Güncelleme Tarihi:
27 Haziran-3 Temmuz 2002 tarihli Aktüel dergisinde, Selçuk Tepeli ‘İstanbul’da krematoryum açılması gündemde’ başlıklı bir haber hazırlamıştı.
Soru: İstanbul’da krematoryum (ölülerin yakıldığı yer) açılsın mı?
Ayşenur Yazıcı- Haber spikeri: “Yakılmayı tercih ederim”
“Konuştuğum birçok kimse, “Beni denize atın” ya da “Yakın, küllerimi de şuraya savurun” gibi yöntemler düşünüyor. Ben de bütün organlarımı bağışladıktan sonra denize atılmayı isterim.
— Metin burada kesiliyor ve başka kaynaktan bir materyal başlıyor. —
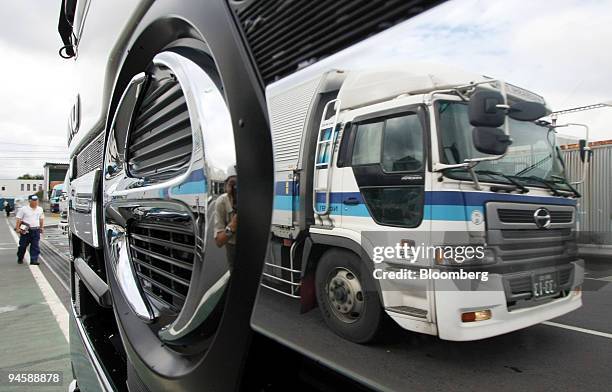 Hino Motors Ltd. Truck is reflected on another at the company's manufacturing headquarters in the suburbs of Tokyo, Japan on Wednesday, Sept. 12,...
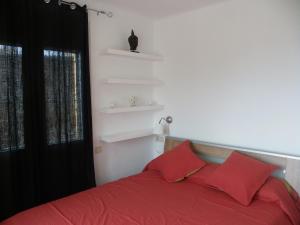 Schlafzimmer mit einem Bett mit roter Bettwäsche und einem Fenster in der Unterkunft Apartamento Caballito de Mar in L'Estartit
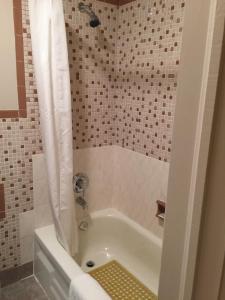 uma casa de banho com uma banheira branca e um chuveiro em Hotel Motel Arnold em Woburn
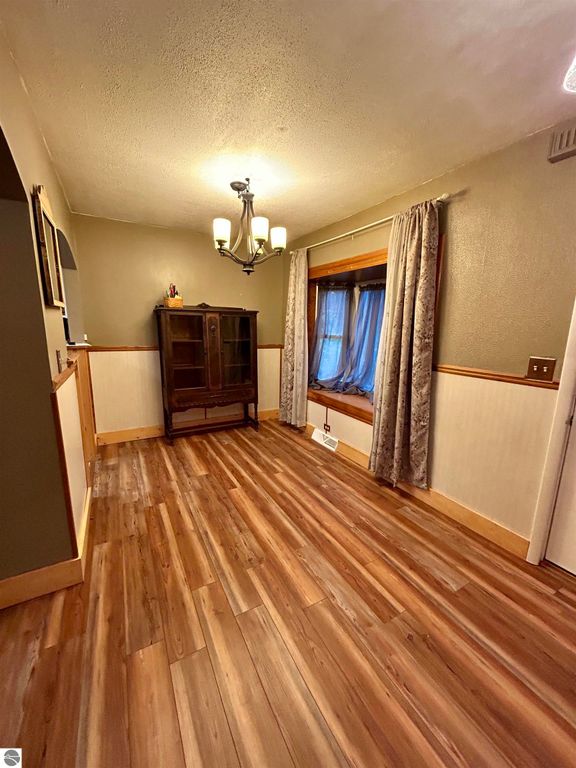 Cozy interior view of a home at 1007 W First Street, Tawas City, featuring wooden flooring, a decorative chandelier, and a window seat with curtains, ideal for families seeking comfort and space.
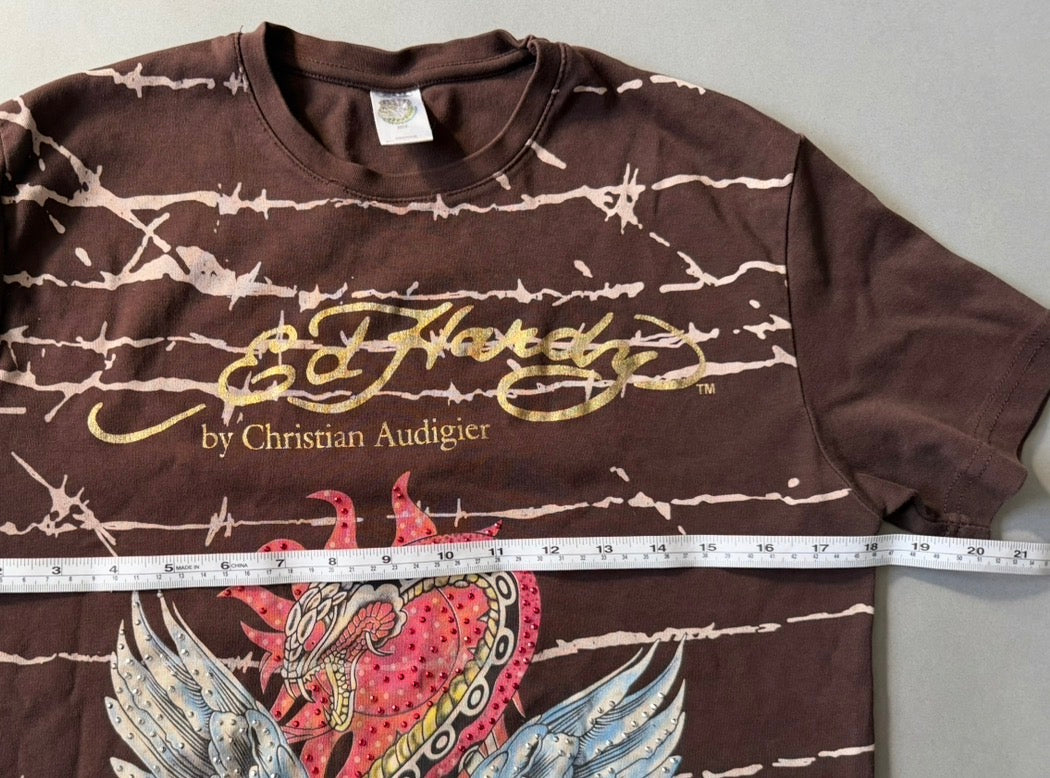 Photo of vintage Christian Audigier Ed Hardy tee with measuring tape showing 18 inches pit to pit. 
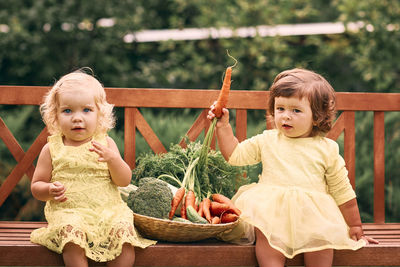 Cute girls sitting outdoors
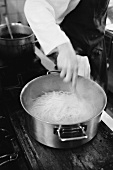 Chef stirring spaghetti in a pan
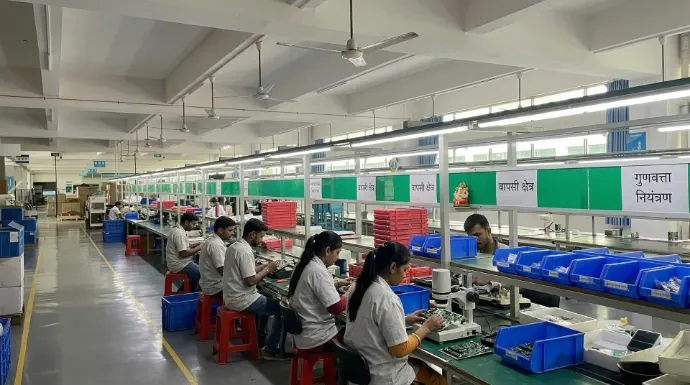 Workers assembling weighing scales along a high-volume production line with quality checkpoints.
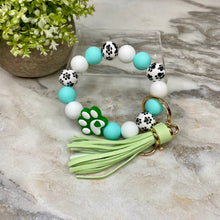 Load image into Gallery viewer, Silicone Bracelet Keychain - Turquoise Green Paw Print
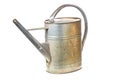 Old vintage metal watering can isolated on white background. Royalty Free Stock Photo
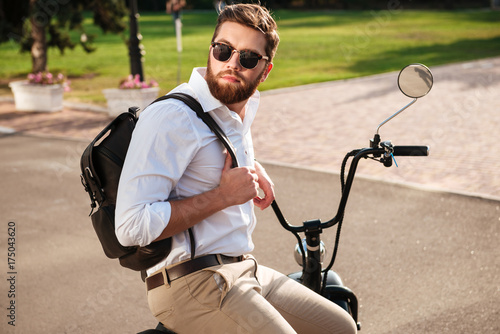 Side view of Calm bearded man in sunglasses with backpack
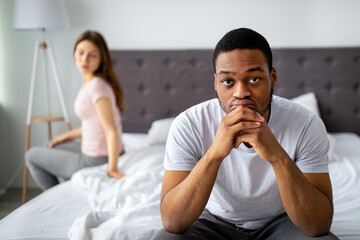 Sad black man sitting on bed, deep in thought, overwhelmed with family problems, his dissatisfied...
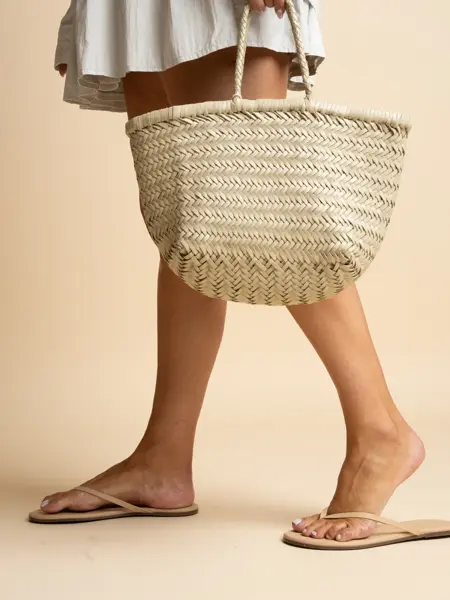 Dameben med flip flops, hånd holder stråveske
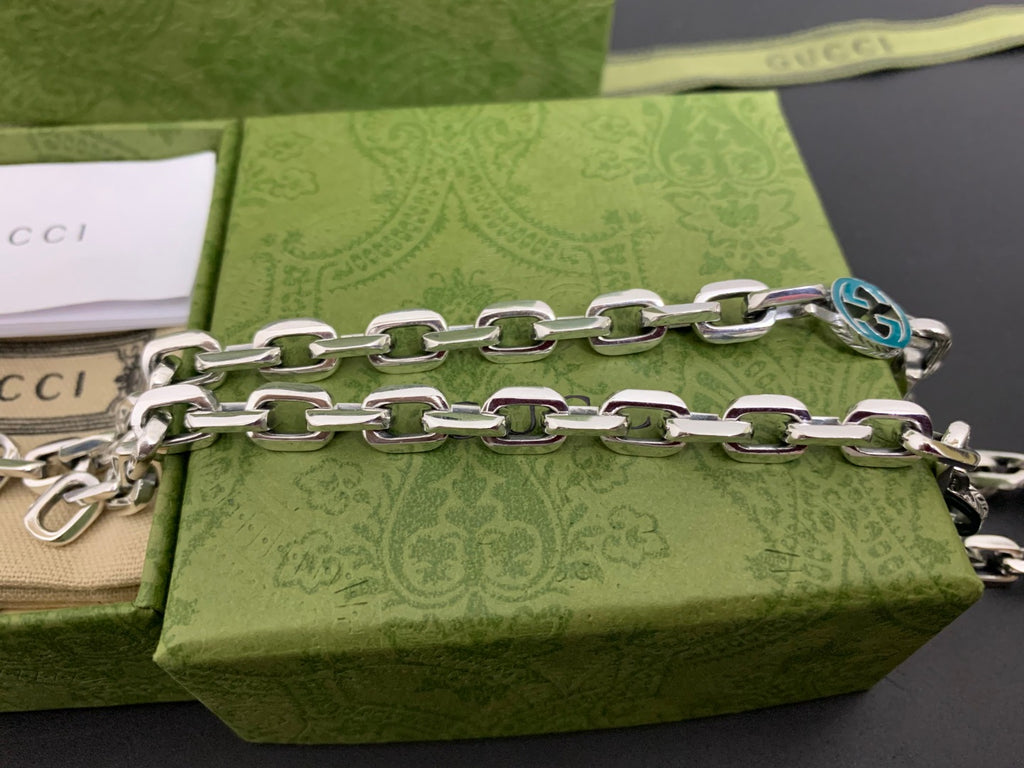 Silver chain strap with blue interlocking G charm near clasp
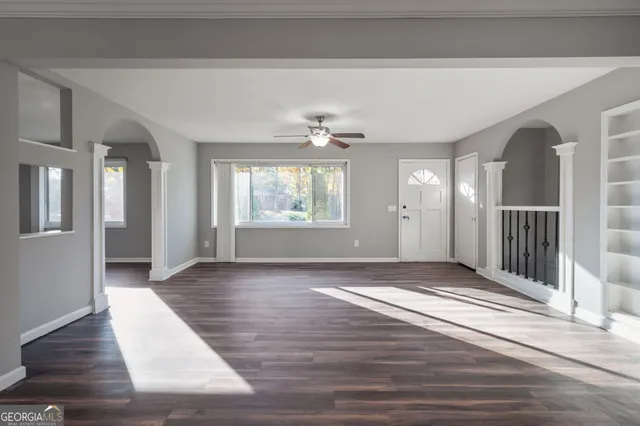 a view of an empty room with wooden floor and a window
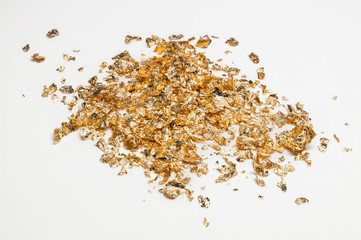 Shiny pieces of gold leaf on a white background 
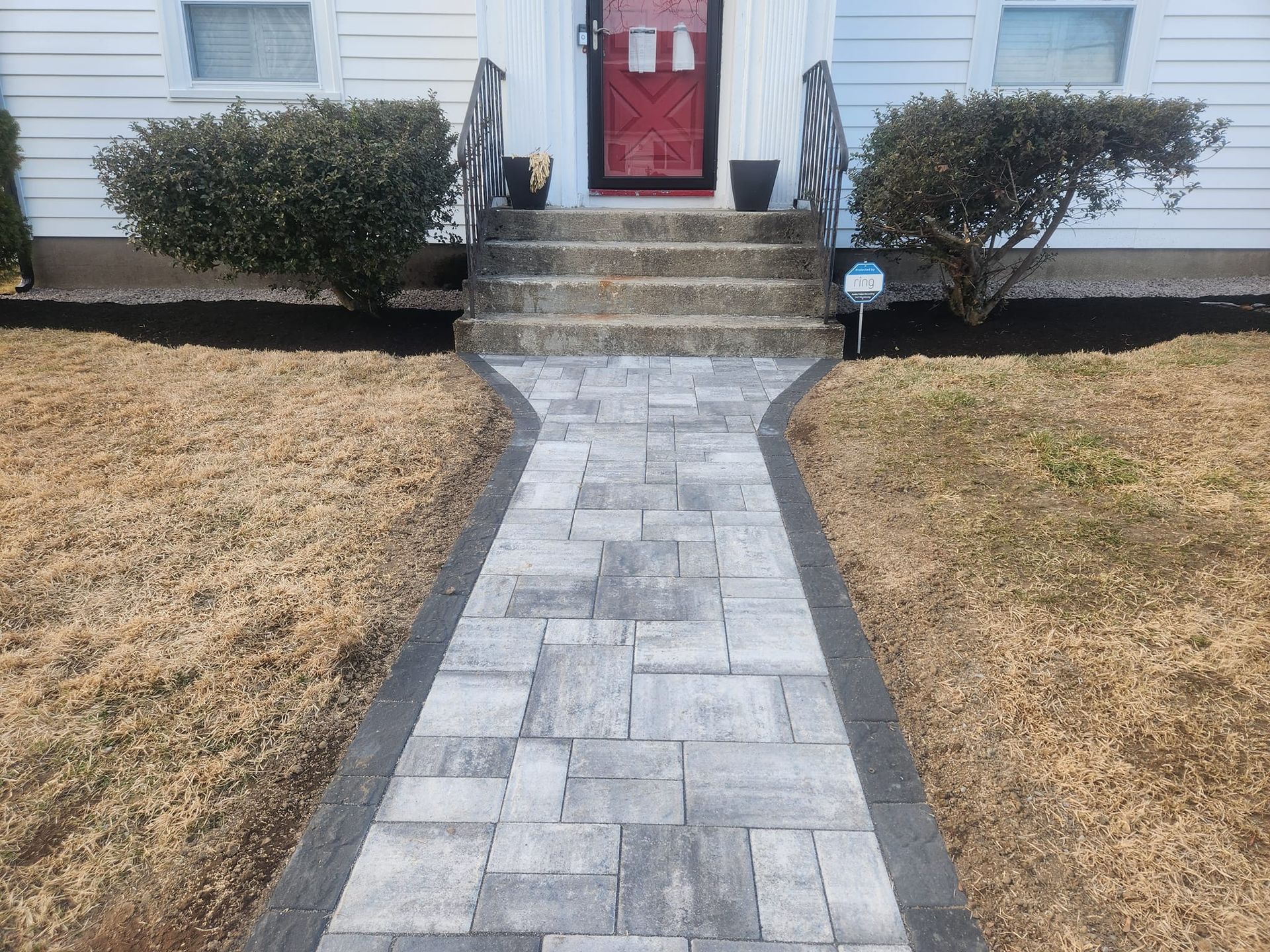 a brick walkway leading to the front door of a house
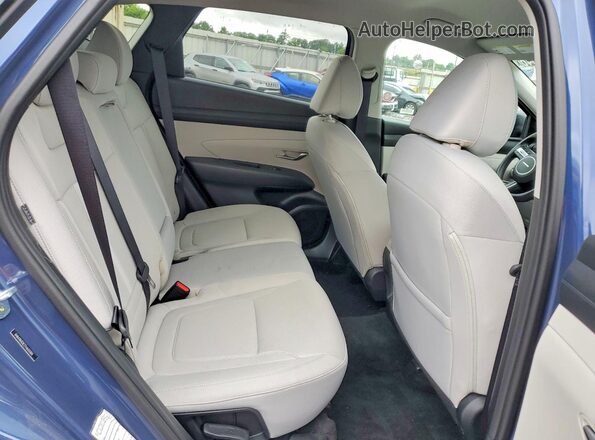 5NMJB3DE2TH633304 2026 HYUNDAI TUCSON White Rear interior view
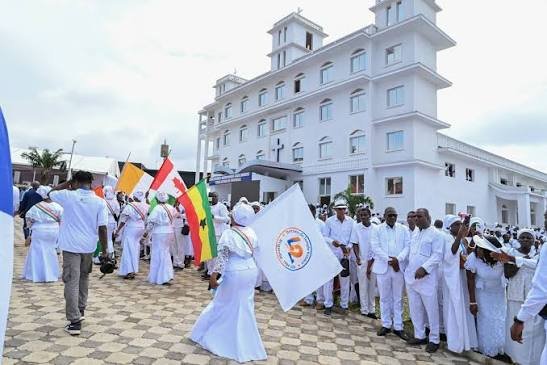 Fidèles harristes vêtus de blanc, avec drapeaux et bannières, rassemblés devant le siège mondial à Bingerville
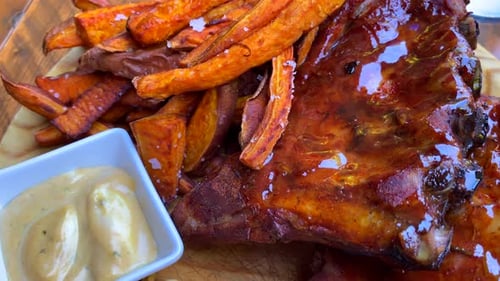 Delicious BBQ Ribs with Sweet Potato Fries and Slaw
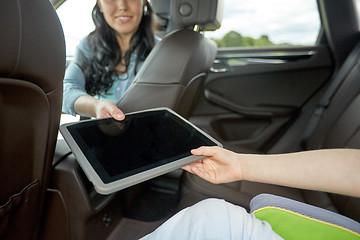 Image showing woman giving tablet pc to her child in car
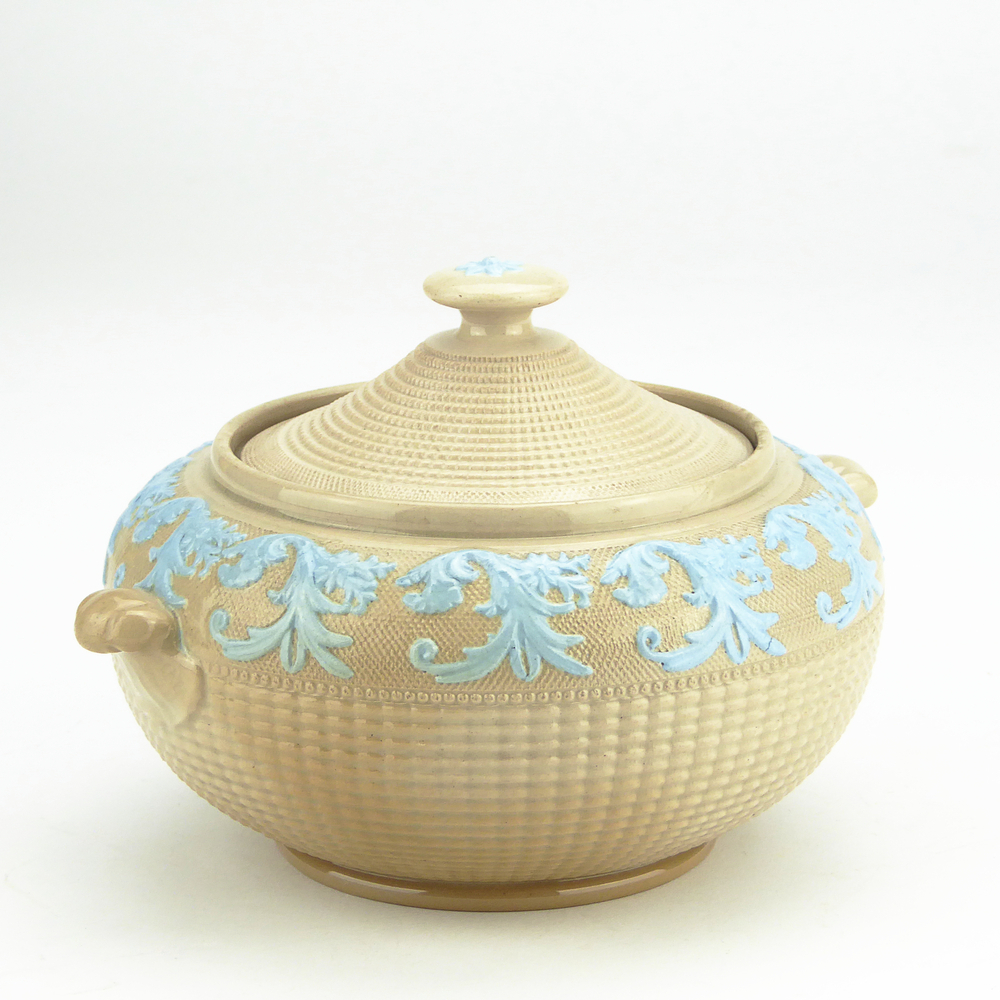 aardewerken suikerpot, engels, bruin met in relief blauwe geverfde bladdecor, op standring, onderkant geribbeld, aan zijkanten twee kleine uitsteeksels, oren / handgrepen, met deksel met knop, bovenop knop blauwe bloemdecoratie.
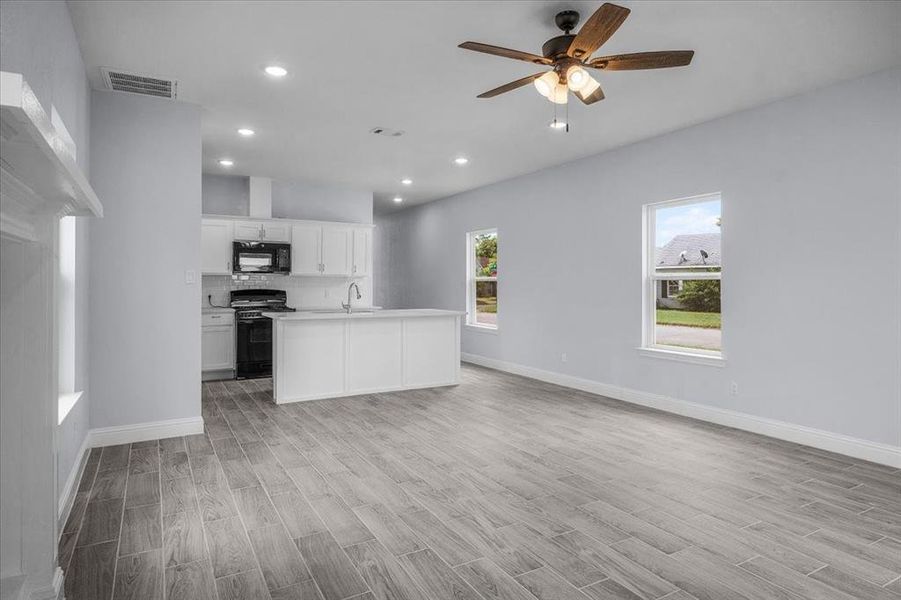 Kitchen with black appliances, light wood finished floors, open floor plan, a ceiling fan, and light countertops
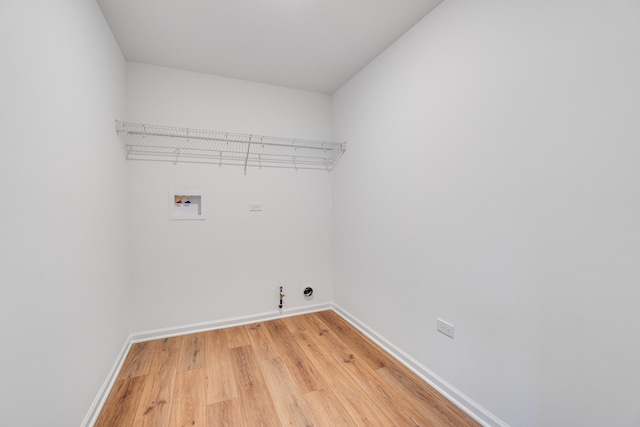 laundry room with laundry area, baseboards, gas dryer hookup, hookup for a washing machine, and light wood-style floors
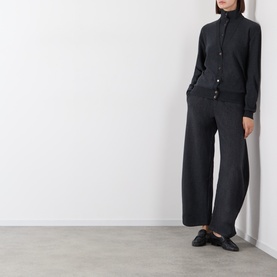 Model wearing Source Unknown Ebbe Balloon Trousers in charcoal, styled with a matching dark zip-up cardigan and black loafers.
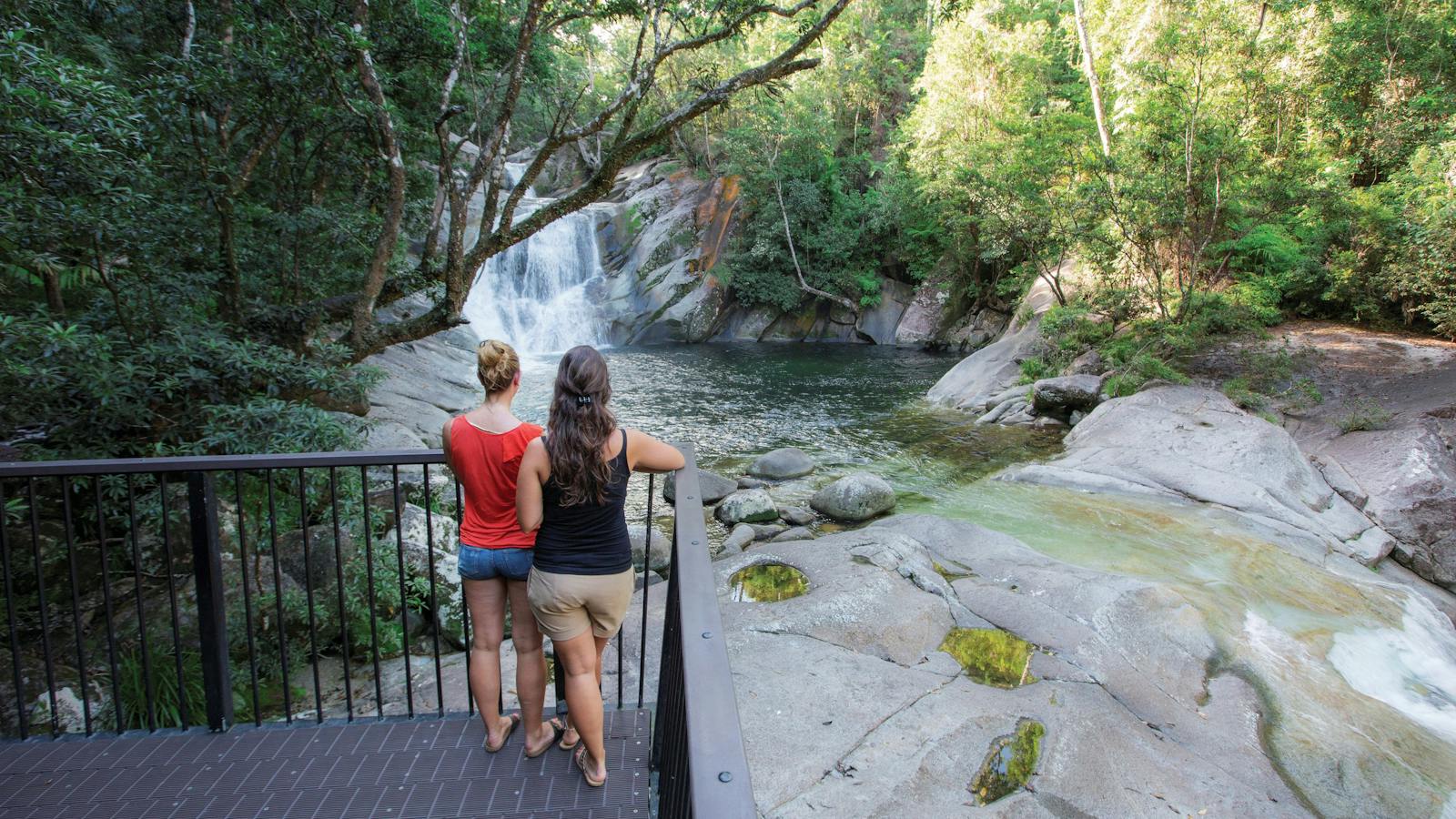 Two people standing at lookout over top pool and falls.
Ama bu herkesi rahatsız edeceğinden, yakılmayı tercih ederim.” (Aktüel, 27 Haziran-3 Temmuz 2002)
Zekeriya Beyaz-Marmara Üniversitesi İlahiyat Fakültesi Dekanı: “Ölüyü yakmak günahtır”
“Kesinlikle hayır diyorum. Bunlar kendi kültürümüze yabancılaşmaktır. Sosyal kültürümüze aykırıdır. Bunu Hindular yapar. Türkiye’de de Hindu cemaati yoktur. Kişi vasiyetinde yakılmak istediğini söylemiş olabilir, ama vasiyeti yerine getirmek için hukuka uygun olup olmadığına bakılmalıdır. Türk Hukuku, cenazeye saygı gösterilmesini öngörür. Cenaze saygındır, yıkanır ve ölü tertemiz bir şekilde geldiği yere, toprağın kucağına bırakılır. Yakma olayı azaptır, yok etmektir. Bizim kültürümüzde yok etme inancı yoktur.”